Los que hemos vivido demasiado, como yo, tenemos cierta tendencia a la mala baba. No creo que los que murieron defendiendo las murallas de Barcelona supieran lo que yo sabía sobre las dinastías europeas, pero eso les importaba poco: a su lado, supe que estaban allí por puro orgullo. El notario, que sí lo sabía, no sintió deseos de tener orgullo alguno.

—Luis XIV de Francia —me dijo, como si yo necesitara saberlo— ve vacante el trono de España y quiere imponer un rey francés con el nombre de Felipe V, lo que le convertiría en el más poderoso de Europa, sin rival alguno. Porque ya debes de saber que se empieza a hablar del equilibrio de Europa, y el que domine Europa dominará el mundo.

El notario, sin saber que había vivido más historias que las de todos sus antepasados juntos, me siguió diciendo:

—El equilibrio europeo se habrá roto si Francia y España se unen, y por ello los estados centrales quieren imponer un rey austriaco. Carlos. Eso, a los trabajadores catalanes, que siempre estarán abajo, debería importarles poco, pero Carlos de Austria ha prometido respetar sus Fueros, y Felipe no se ha arriesgado a tanto. Tienes que saber que Francia es un país centralista, aunque dudo que entiendas eso del centralismo.

Hice un gesto de ignorancia, como si no supiera bien de qué hablábamos, mientras apilaba las escrituras en que estaban distribuidos los bienes de la tierra. Conocía la historia de cada papel. La historia de cada gran familia. La historia de cada vida y, sobre todo, de cada muerte.
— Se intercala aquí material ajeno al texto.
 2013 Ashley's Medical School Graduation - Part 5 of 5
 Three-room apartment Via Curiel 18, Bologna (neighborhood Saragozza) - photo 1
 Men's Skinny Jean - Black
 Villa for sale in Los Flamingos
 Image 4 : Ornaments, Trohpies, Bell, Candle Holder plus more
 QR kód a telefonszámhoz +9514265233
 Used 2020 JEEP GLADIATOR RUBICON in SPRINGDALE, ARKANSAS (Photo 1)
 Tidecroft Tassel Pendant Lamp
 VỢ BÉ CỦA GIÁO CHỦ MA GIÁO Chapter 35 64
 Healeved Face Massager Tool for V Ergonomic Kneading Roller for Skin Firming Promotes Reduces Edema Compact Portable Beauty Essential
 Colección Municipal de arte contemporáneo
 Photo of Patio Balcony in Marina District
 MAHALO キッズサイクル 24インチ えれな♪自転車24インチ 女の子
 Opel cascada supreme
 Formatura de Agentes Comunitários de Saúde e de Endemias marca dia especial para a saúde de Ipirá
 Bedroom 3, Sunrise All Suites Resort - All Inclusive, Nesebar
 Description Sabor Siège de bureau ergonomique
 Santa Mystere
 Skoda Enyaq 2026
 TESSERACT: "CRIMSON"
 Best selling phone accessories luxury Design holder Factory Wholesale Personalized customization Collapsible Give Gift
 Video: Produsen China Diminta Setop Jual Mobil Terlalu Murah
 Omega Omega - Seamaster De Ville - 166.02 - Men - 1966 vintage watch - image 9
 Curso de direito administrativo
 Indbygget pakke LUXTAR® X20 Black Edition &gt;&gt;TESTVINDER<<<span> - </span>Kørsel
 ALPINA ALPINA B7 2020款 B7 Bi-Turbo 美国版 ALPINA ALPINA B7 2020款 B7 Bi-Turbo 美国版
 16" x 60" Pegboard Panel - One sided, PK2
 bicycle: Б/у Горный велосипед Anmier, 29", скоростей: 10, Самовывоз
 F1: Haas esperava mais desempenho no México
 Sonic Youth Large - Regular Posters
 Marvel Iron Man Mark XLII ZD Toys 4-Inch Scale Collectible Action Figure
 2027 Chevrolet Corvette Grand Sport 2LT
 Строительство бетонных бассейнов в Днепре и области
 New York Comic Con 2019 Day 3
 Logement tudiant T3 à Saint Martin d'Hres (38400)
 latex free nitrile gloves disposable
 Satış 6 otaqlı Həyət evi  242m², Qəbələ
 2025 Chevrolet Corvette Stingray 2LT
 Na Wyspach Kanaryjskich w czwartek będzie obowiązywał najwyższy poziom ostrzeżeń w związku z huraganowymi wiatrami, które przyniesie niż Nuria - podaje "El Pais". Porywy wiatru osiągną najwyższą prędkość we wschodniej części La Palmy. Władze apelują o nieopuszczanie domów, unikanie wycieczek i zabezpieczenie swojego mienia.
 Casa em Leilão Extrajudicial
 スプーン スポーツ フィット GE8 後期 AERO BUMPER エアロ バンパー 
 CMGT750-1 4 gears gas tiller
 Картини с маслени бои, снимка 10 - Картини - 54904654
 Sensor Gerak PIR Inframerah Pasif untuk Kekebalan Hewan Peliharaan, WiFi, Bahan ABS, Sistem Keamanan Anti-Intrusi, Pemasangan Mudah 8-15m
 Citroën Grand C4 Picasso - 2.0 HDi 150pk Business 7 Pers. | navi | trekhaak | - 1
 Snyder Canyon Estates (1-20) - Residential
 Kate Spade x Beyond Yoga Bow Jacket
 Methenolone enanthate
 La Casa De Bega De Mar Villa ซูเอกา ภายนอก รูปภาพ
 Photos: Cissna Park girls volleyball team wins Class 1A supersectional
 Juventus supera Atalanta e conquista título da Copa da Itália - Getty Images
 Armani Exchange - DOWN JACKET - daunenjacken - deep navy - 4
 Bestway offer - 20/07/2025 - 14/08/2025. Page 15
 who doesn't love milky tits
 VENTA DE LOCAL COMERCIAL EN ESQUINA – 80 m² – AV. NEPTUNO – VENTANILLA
Y conocí bien lo que pasó después. Barcelona mantuvo su palabra a favor del austriaco, y las potencias europeas llegaron a pactos entre sí sin mantener palabra alguna. Los catalanes, y en especial los barceloneses, quedaron en la guerra absolutamente solos.

Y parecían contentos de estarlo.

Ésta había sido una ciudad sensata. El notario era sensato. Los comerciantes lo eran. Los que morían en las canteras y las cuadras lo eran. Jamás habían aspirado a otra cosa que a ganarse un pedazo de pan.

Esta ciudad había creado los gremios más honrados y severos. Había establecido las primeras normas mercantiles con la «taula de canvi». Mejorado las cartas de crédito de los lombardos. Establecido las normas del derecho marítimo. Definido para siempre las normas urbanísticas con las «Ordinacions de Sanctacilia». Había hecho honor a los seguros de transporte. Establecido en los matrimonios la separación de bienes. Creado el testamento recíproco. Mantenido la libertad para testar en la mayor parte de la herencia. Evitado la dispersión de las tierras. Cataluña, y sobre todo Barcelona, parecían haber nacido para ser razonables.